In "Trump Is Angry and I Am Scared," I explained why it is that I'm not settling in with a bowl of popcorn to watch what unfolds as Bob Mueller gets closer to Donald Trump. All that I feel at the moment is abject fear of what Trump may — and has the capacity and authority — to do.

At Vanity Fair, Gabriel Sherman has a chilling account of what Trump is doing at the moment: Seething, primarily — and seeking advice from Steve Bannon, the Leninist who wants to "bring everything crashing down, and destroy all of today's establishment," and Roger Stone, whose least objectionable quality is having a portrait of Richard Nixon tattooed on his back.
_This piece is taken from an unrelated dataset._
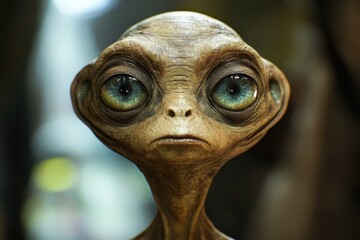 Close-up Portrait of an Alien with Blue Eyes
But this is the bit that should make anyone's spine straighten:
Speaking to Steve Bannon on Tuesday, Trump blamed Jared Kushner for his role in decisions, specifically the firings of Mike Flynn and James Comey, that led to Mueller's appointment, according to a source briefed on the call. When Roger Stone recently told Trump that Kushner was giving him bad political advice, Trump agreed, according to someone familiar with the conversation.
Jared Kushner is, of course, a spectacularly dreadful political advisor, having zero political experience and absolutely no room to offer counsel his advisee doesn't want to hear.

But that hasn't changed. That's always been true. What's changed is Trump's disposition toward his son-in-law. His favorite child's spouse. Family.

Family is the one reliable arena of loyalty Trump has. (It's one-way loyalty, and it's been obliged by abuse, but it's good enough as far as Trump is concerned.) He has no real friends to speak of, and no real allies, but he's got his kids, whom he turned into "advisors" in order to keep them close and maintain this thin tract of durable fealty.

If he now feels alienated from Jared, whom he once trusted so profoundly that he made him Secretary of Everything, that is a troubling development. It is an indication that Trump is extremely isolated, and thus potentially at increasing risk of doing something reckless.

There are no "moderating influences." There are only Steve Bannon and Roger Stone, whispering in his ear.